The reply should hold only the lines below beginning at the one with "Louis The Cat（個別スタンプ：8）" and ending at the one with "Plumed Whistling-Duck - ML495481741", copied exactly, with every picture left out.

** THE DATA follows **

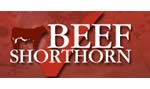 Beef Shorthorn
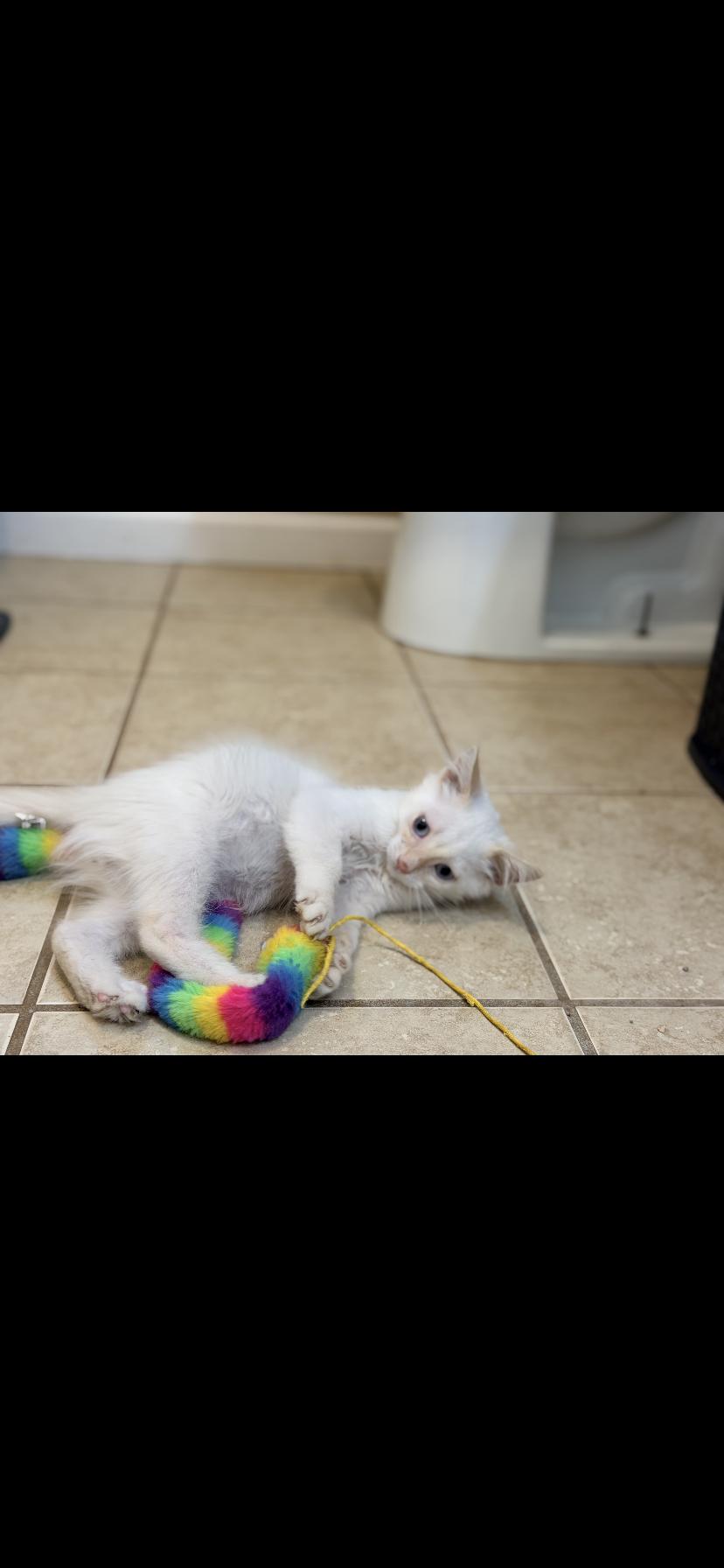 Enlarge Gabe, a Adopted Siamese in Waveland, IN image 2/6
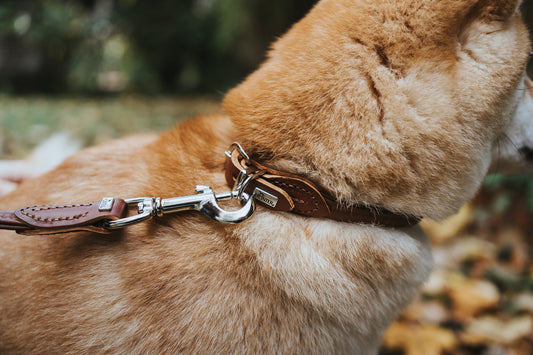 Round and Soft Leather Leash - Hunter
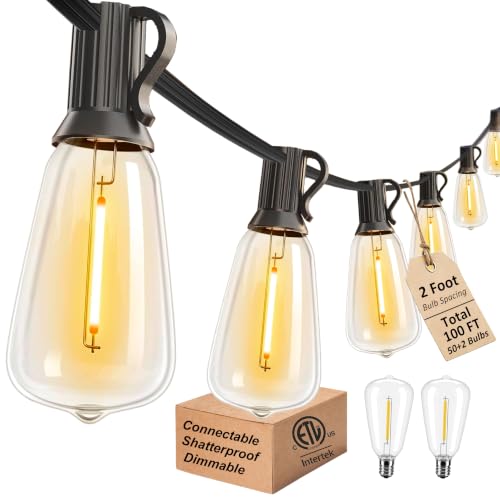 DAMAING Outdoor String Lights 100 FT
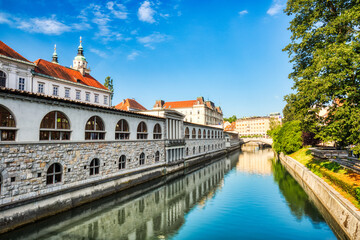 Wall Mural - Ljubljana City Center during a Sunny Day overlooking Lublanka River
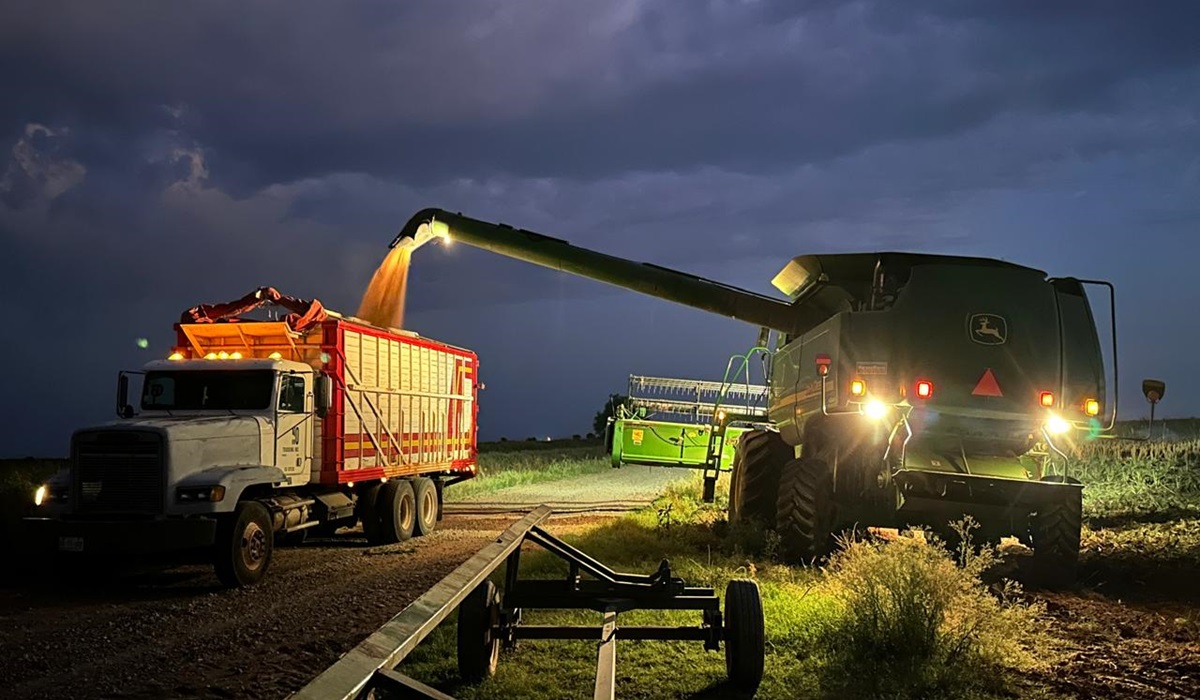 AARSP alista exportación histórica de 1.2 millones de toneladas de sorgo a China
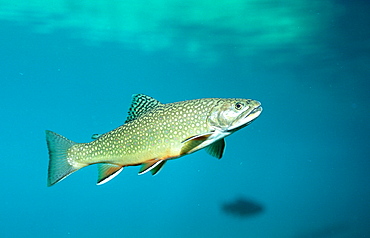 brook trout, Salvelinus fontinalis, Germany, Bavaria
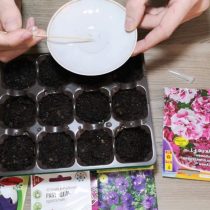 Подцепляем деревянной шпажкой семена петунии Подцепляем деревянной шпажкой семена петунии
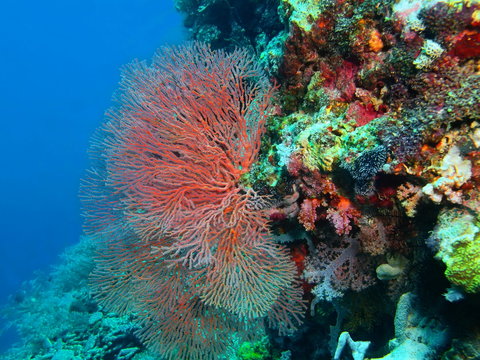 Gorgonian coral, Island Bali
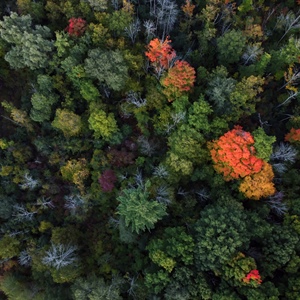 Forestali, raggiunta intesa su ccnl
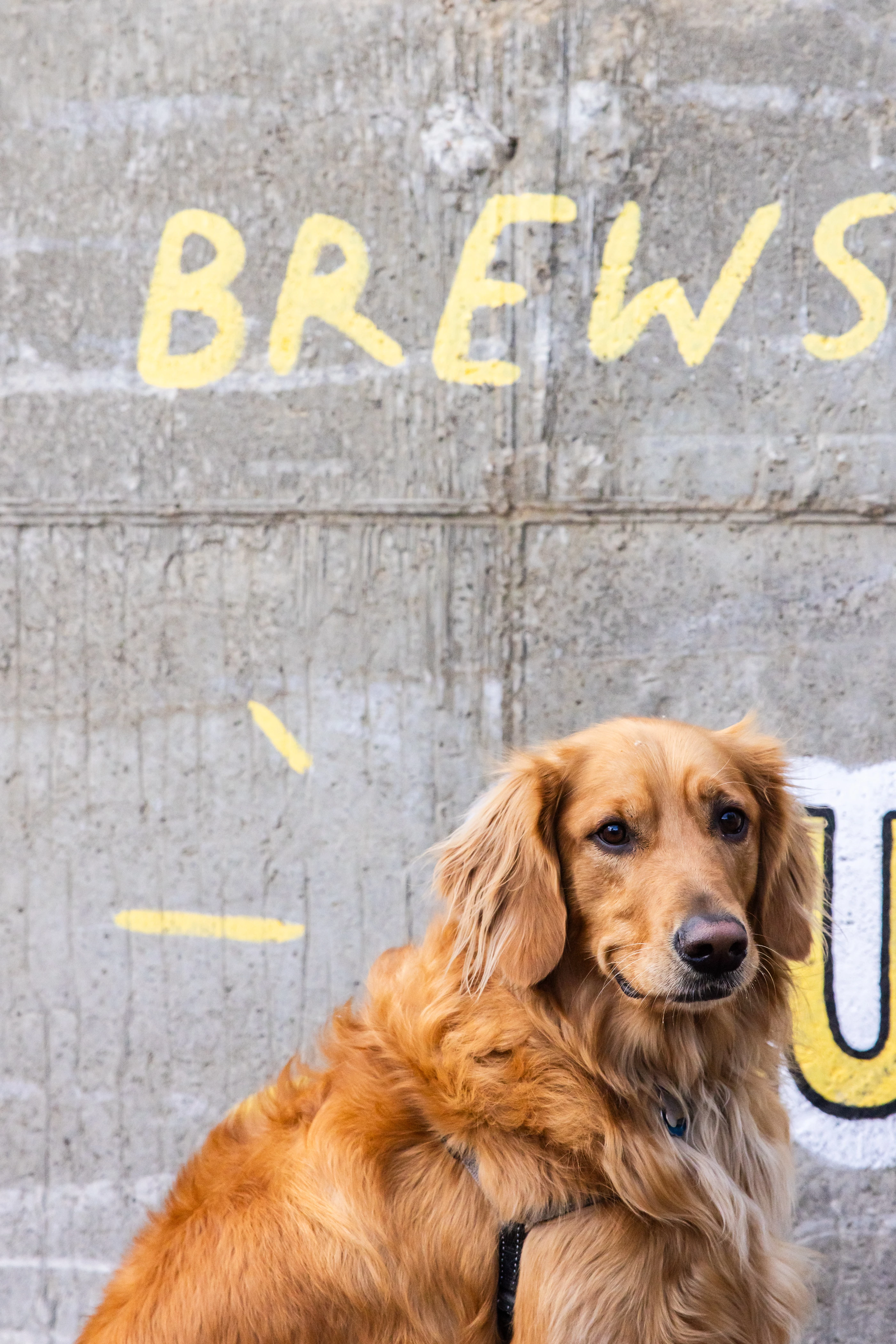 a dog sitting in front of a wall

** End of THE DATA **
** THE DATA follows **

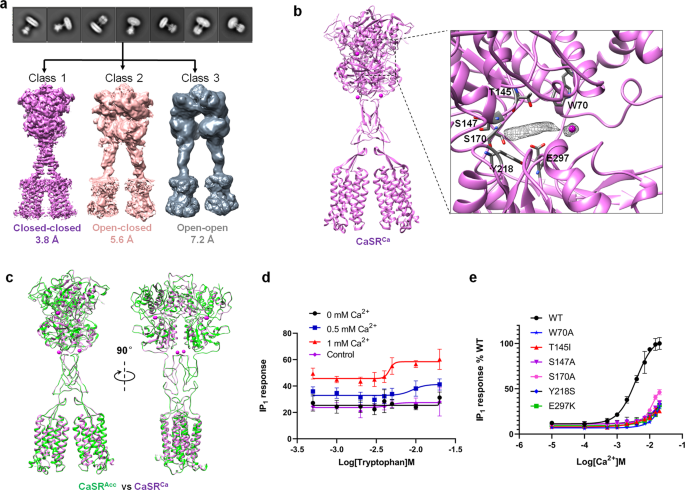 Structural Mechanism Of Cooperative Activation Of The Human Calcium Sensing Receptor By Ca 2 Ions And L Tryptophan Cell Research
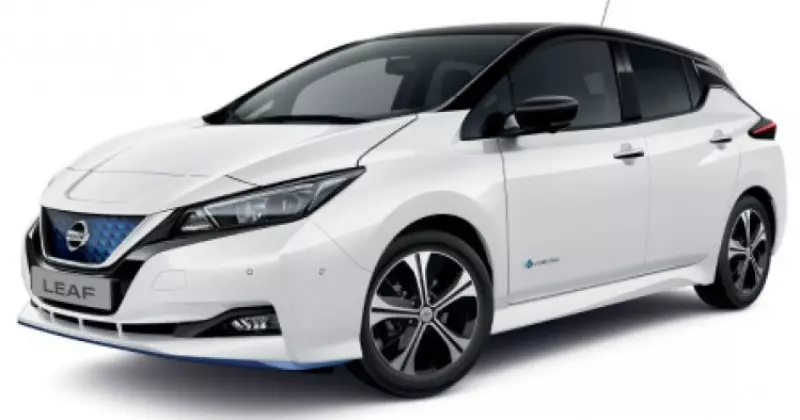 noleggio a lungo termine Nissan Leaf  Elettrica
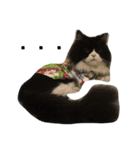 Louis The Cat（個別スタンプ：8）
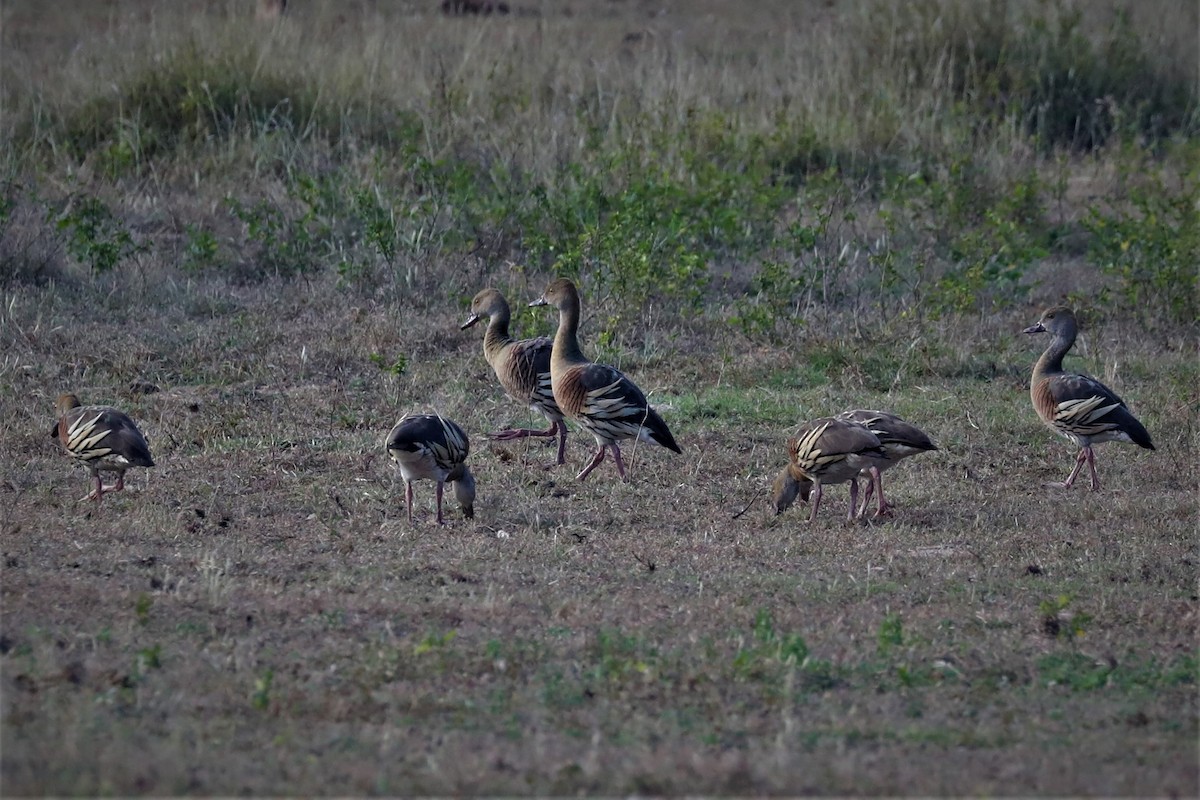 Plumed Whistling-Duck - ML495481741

** End of THE DATA **

== EXERCISE SOLUTION ==
 Louis The Cat（個別スタンプ：8）
 Plumed Whistling-Duck - ML495481741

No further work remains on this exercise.